───── Extracted records ─────

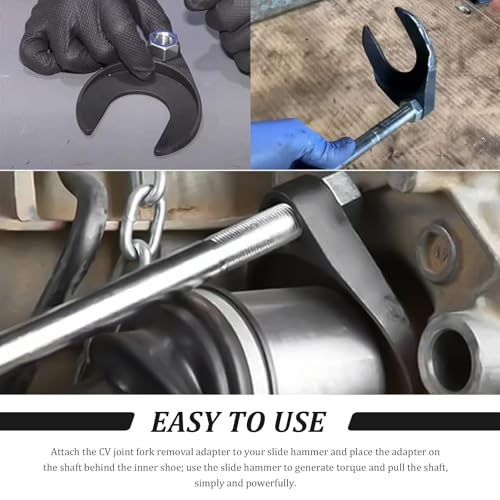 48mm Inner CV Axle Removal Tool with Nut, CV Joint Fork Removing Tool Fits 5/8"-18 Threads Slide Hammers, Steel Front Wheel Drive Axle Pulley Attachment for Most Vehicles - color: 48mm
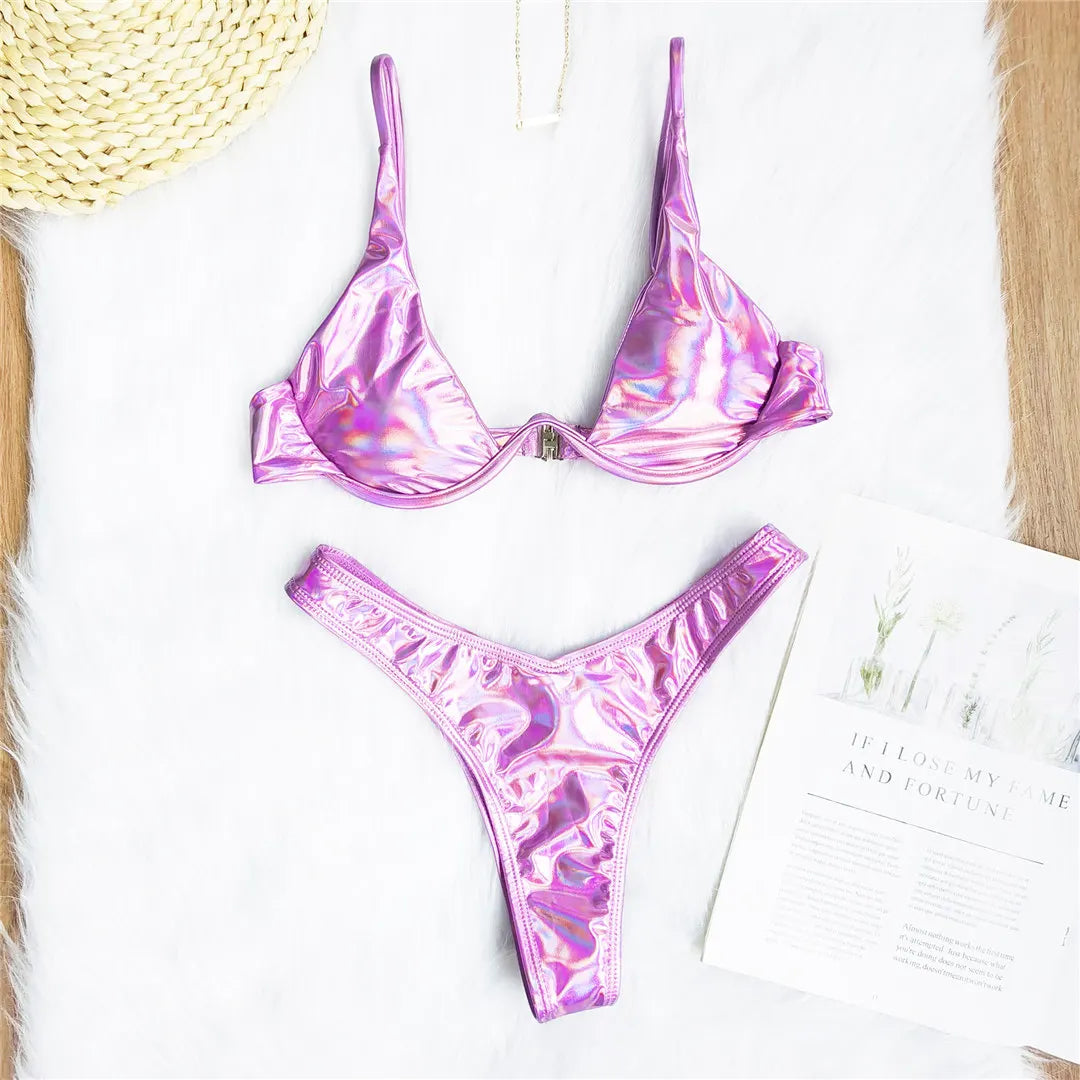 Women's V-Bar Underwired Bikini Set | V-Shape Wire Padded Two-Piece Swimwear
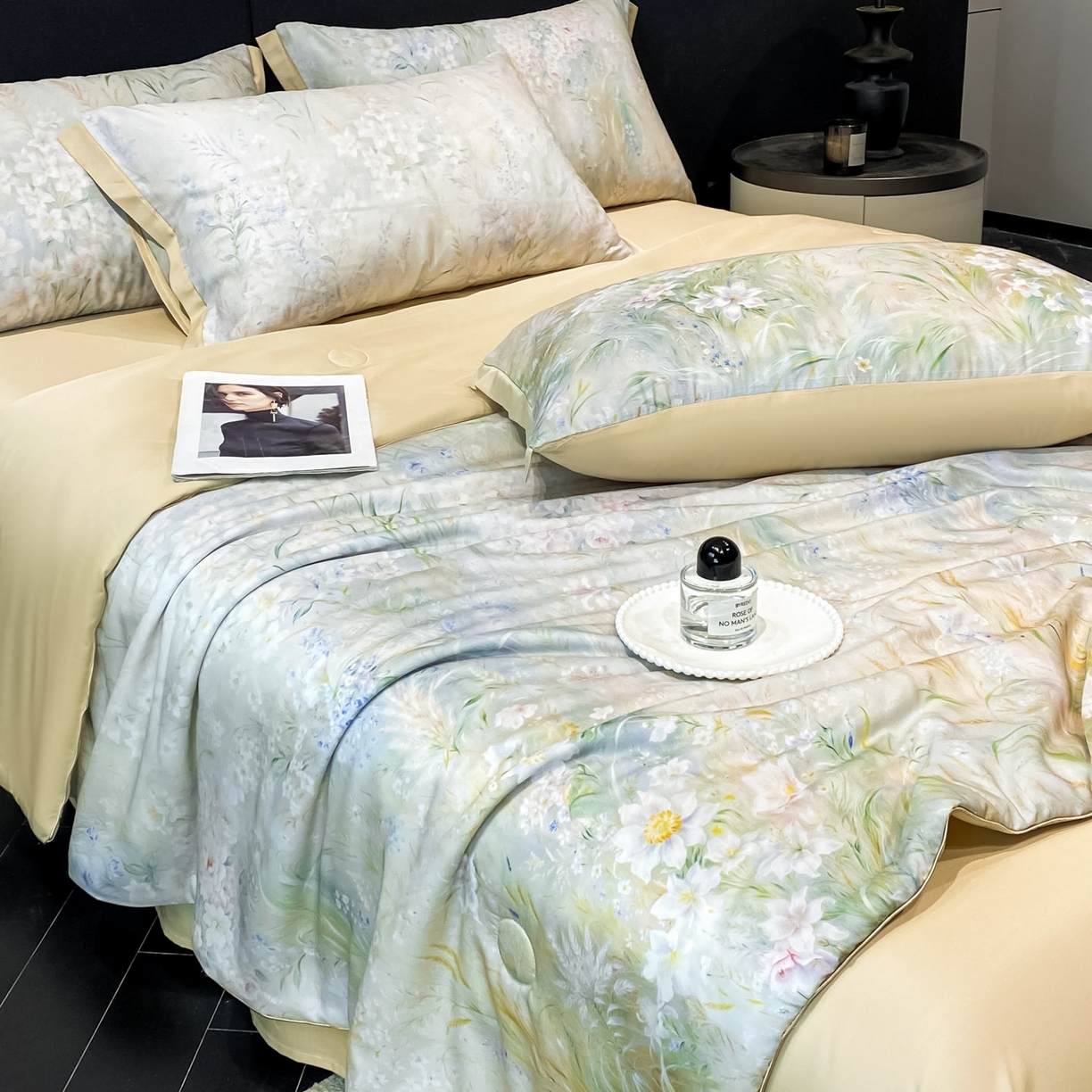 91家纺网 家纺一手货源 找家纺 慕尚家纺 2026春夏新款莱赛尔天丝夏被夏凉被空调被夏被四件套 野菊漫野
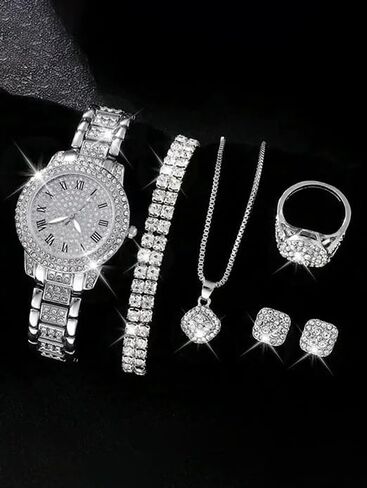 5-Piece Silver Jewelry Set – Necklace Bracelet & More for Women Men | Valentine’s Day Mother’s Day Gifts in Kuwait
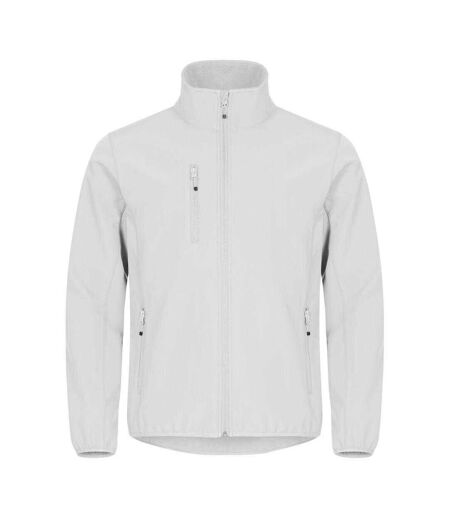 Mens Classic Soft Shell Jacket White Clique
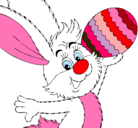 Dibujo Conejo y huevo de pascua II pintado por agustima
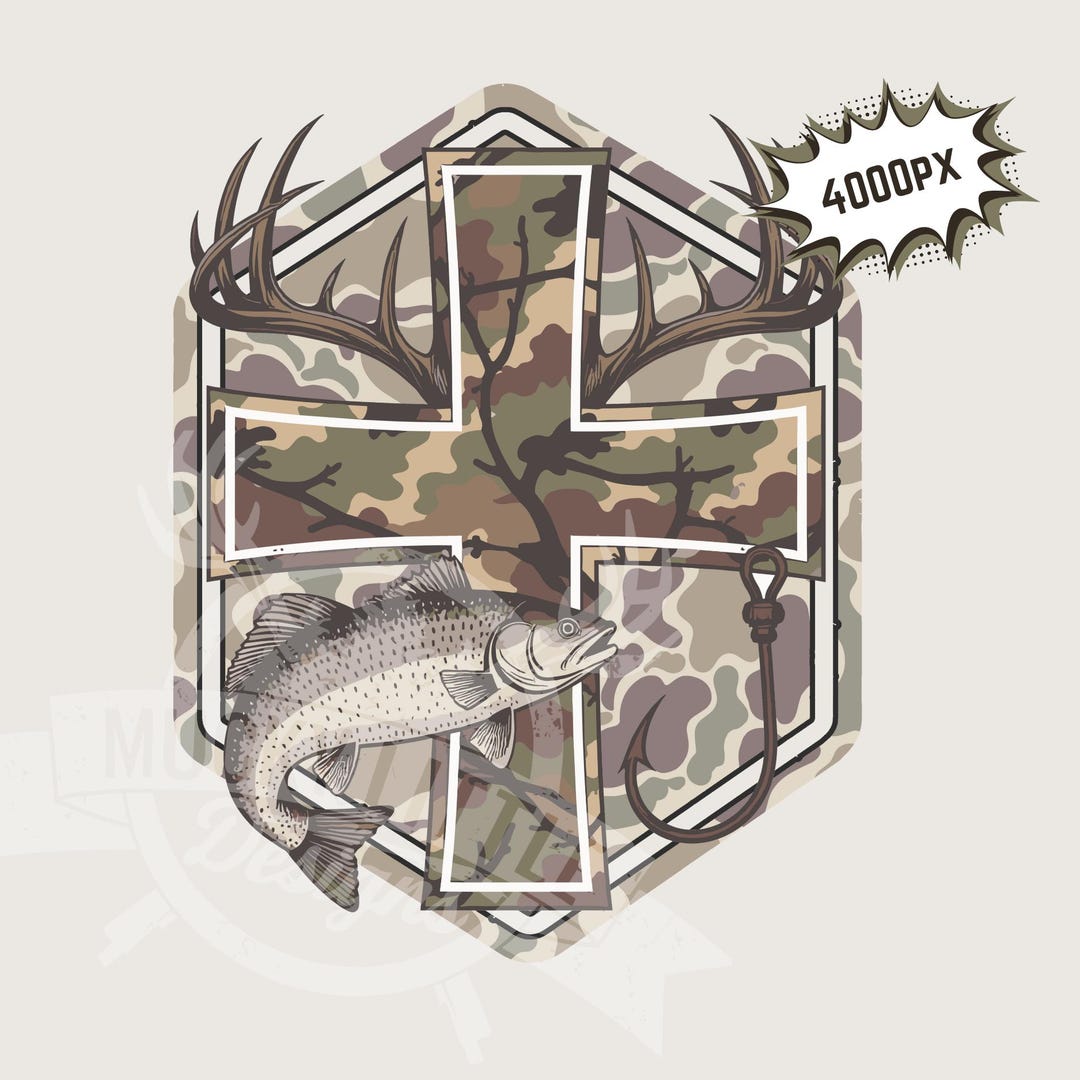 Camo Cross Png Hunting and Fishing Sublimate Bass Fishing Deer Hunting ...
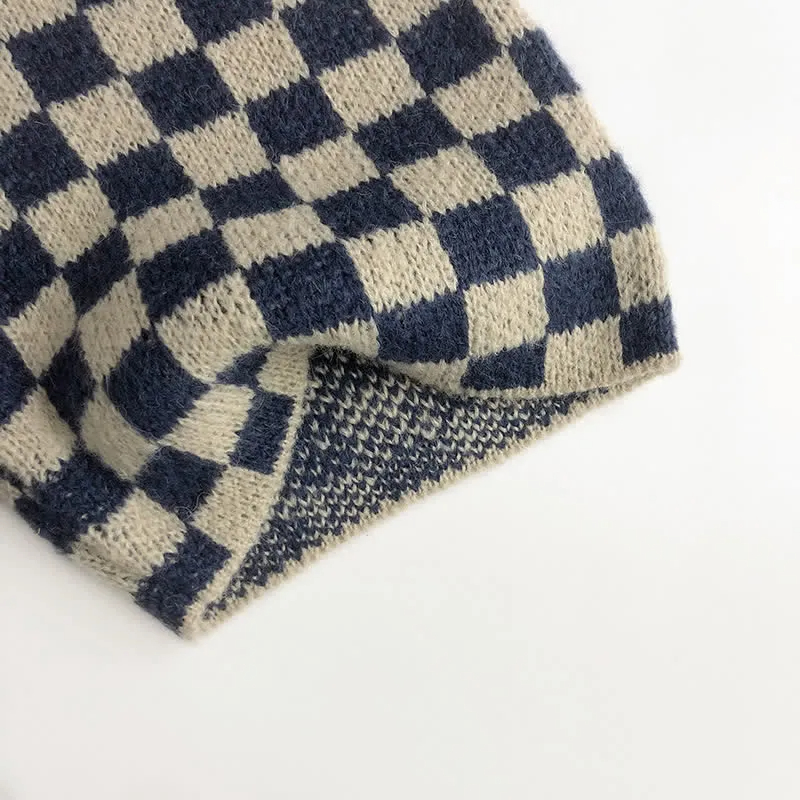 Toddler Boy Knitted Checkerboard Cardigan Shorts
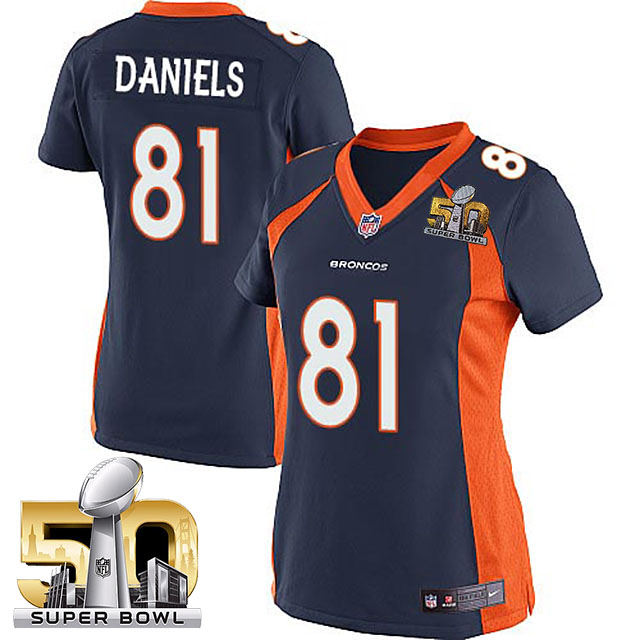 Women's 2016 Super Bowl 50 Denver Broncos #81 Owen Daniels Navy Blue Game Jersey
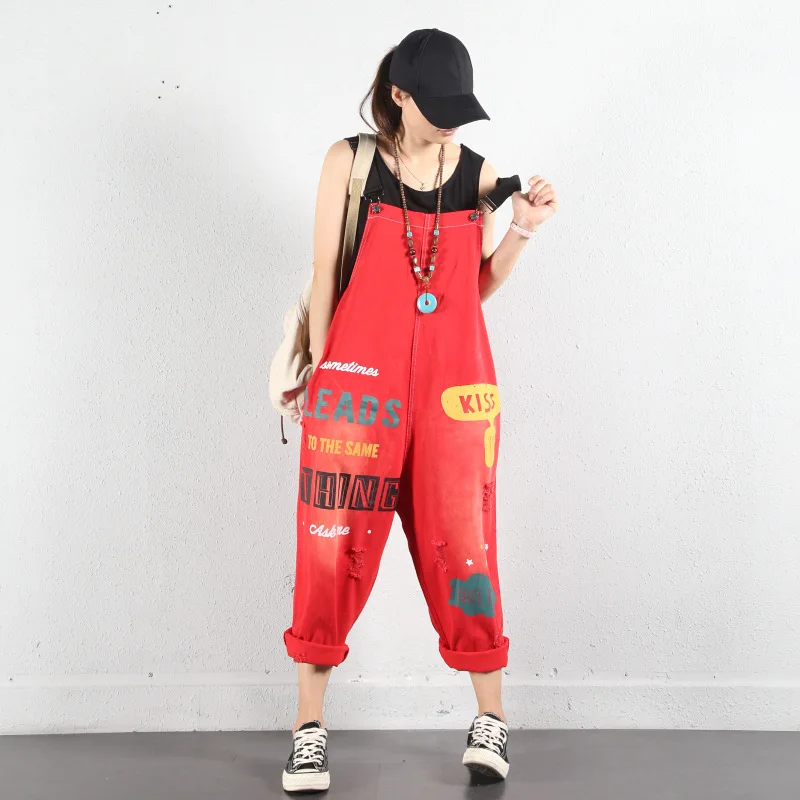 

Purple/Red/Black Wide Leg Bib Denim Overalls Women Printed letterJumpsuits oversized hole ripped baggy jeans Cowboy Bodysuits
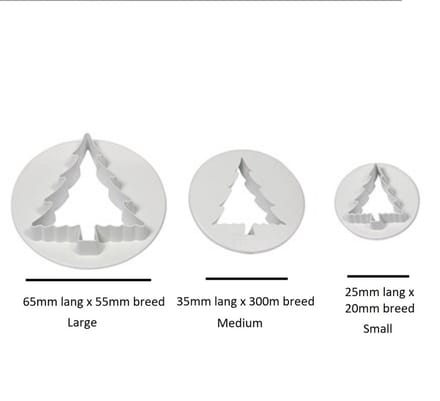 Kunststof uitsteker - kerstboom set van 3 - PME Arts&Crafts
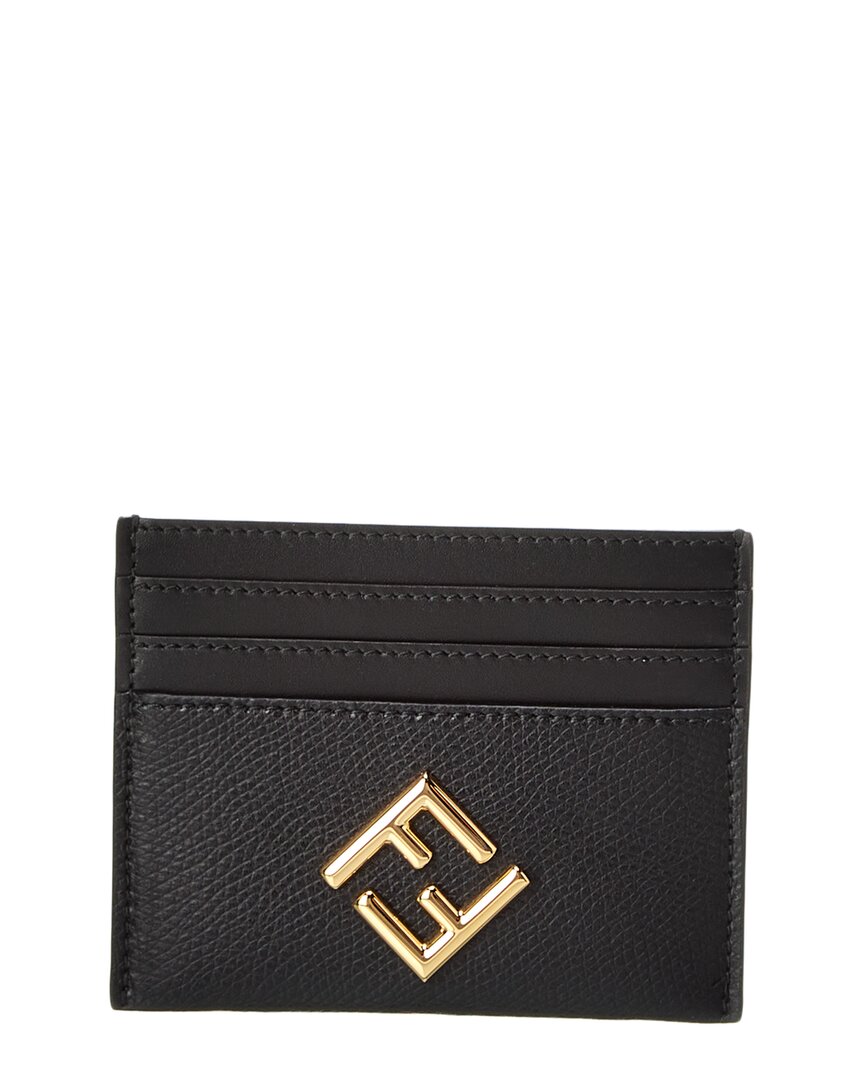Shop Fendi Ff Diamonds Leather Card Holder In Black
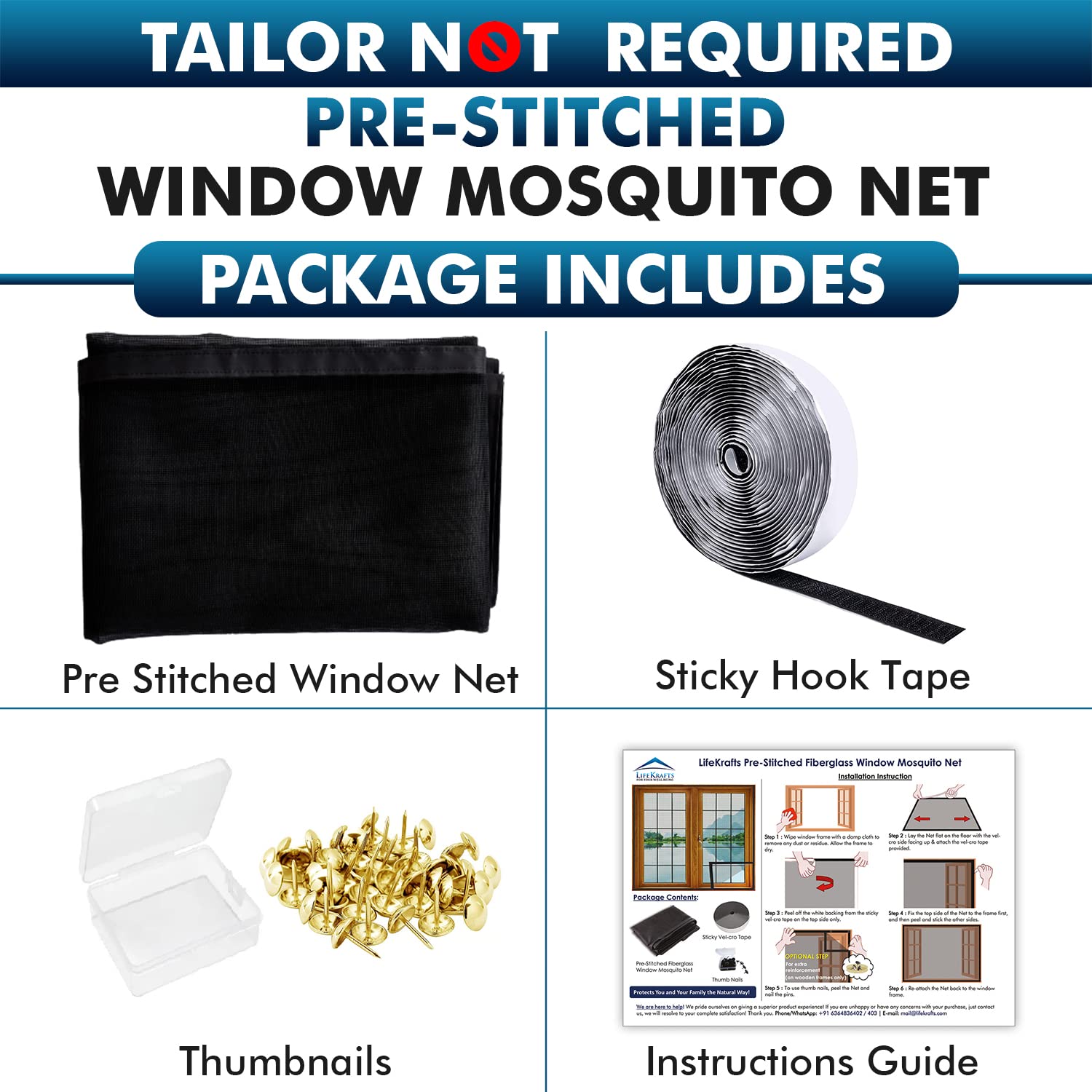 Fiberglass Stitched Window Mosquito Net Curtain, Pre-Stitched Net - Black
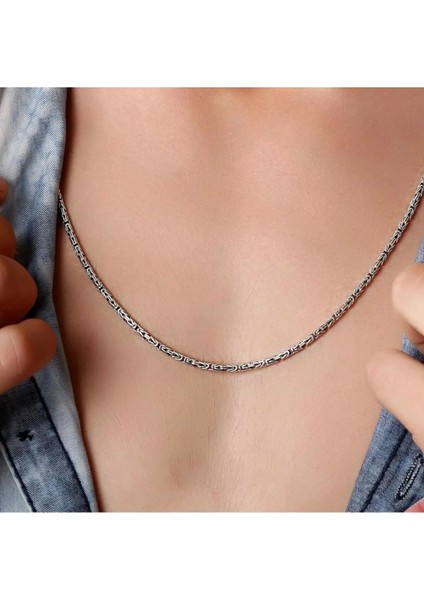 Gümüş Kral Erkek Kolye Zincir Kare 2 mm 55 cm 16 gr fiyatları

─────

Exercise
Every entry above should be duplicated exactly. Do not include the images.

Output
 48mm Inner CV Axle Removal Tool with Nut, CV Joint Fork Removing Tool Fits 5/8"-18 Threads Slide Hammers, Steel Front Wheel Drive Axle Pulley Attachment for Most Vehicles - color: 48mm
 Women's V-Bar Underwired Bikini Set | V-Shape Wire Padded Two-Piece Swimwear
 91家纺网 家纺一手货源 找家纺 慕尚家纺 2026春夏新款莱赛尔天丝夏被夏凉被空调被夏被四件套 野菊漫野
 5-Piece Silver Jewelry Set – Necklace Bracelet & More for Women Men | Valentine’s Day Mother’s Day Gifts in Kuwait
 Mens Classic Soft Shell Jacket White Clique
 Dibujo Conejo y huevo de pascua II pintado por agustima
 Camo Cross Png Hunting and Fishing Sublimate Bass Fishing Deer Hunting ...
 Toddler Boy Knitted Checkerboard Cardigan Shorts
 Women's 2016 Super Bowl 50 Denver Broncos #81 Owen Daniels Navy Blue Game Jersey

Purple/Red/Black Wide Leg Bib Denim Overalls Women Printed letterJumpsuits oversized hole ripped baggy jeans Cowboy Bodysuits
 Kunststof uitsteker - kerstboom set van 3 - PME Arts&Crafts
Shop Fendi Ff Diamonds Leather Card Holder In Black
 Fiberglass Stitched Window Mosquito Net Curtain, Pre-Stitched Net - Black
 Gümüş Kral Erkek Kolye Zincir Kare 2 mm 55 cm 16 gr fiyatları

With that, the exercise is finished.